■ SOURCE RECORDS
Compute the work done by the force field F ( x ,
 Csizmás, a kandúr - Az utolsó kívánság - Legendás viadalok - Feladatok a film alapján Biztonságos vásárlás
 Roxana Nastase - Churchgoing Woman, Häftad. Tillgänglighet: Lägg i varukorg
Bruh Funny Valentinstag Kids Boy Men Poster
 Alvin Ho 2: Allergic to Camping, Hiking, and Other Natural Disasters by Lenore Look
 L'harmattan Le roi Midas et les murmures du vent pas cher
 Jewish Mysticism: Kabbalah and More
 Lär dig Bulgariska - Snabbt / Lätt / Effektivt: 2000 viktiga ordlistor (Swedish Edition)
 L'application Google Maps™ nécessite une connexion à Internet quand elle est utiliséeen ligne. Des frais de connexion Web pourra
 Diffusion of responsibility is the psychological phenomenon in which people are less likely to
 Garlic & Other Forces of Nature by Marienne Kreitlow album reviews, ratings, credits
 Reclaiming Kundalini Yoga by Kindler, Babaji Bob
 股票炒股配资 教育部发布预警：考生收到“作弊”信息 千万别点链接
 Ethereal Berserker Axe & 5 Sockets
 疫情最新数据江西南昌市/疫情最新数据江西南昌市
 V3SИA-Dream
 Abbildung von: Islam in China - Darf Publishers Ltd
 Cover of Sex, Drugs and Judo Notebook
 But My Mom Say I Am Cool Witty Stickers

■ EXERCISE AIM
Return the entries above exactly as they were written.

■ RESULT OF THIS EXERCISE
Compute the work done by the force field F ( x ,
 Csizmás, a kandúr - Az utolsó kívánság - Legendás viadalok - Feladatok a film alapján Biztonságos vásárlás
 Roxana Nastase - Churchgoing Woman, Häftad. Tillgänglighet: Lägg i varukorg
Bruh Funny Valentinstag Kids Boy Men Poster
 Alvin Ho 2: Allergic to Camping, Hiking, and Other Natural Disasters by Lenore Look
 L'harmattan Le roi Midas et les murmures du vent pas cher
 Jewish Mysticism: Kabbalah and More
 Lär dig Bulgariska - Snabbt / Lätt / Effektivt: 2000 viktiga ordlistor (Swedish Edition)
 L'application Google Maps™ nécessite une connexion à Internet quand elle est utiliséeen ligne. Des frais de connexion Web pourra
 Diffusion of responsibility is the psychological phenomenon in which people are less likely to
 Garlic & Other Forces of Nature by Marienne Kreitlow album reviews, ratings, credits
 Reclaiming Kundalini Yoga by Kindler, Babaji Bob
 股票炒股配资 教育部发布预警：考生收到“作弊”信息 千万别点链接
 Ethereal Berserker Axe & 5 Sockets
 疫情最新数据江西南昌市/疫情最新数据江西南昌市
 V3SИA-Dream
 Abbildung von: Islam in China - Darf Publishers Ltd
 Cover of Sex, Drugs and Judo Notebook
 But My Mom Say I Am Cool Witty Stickers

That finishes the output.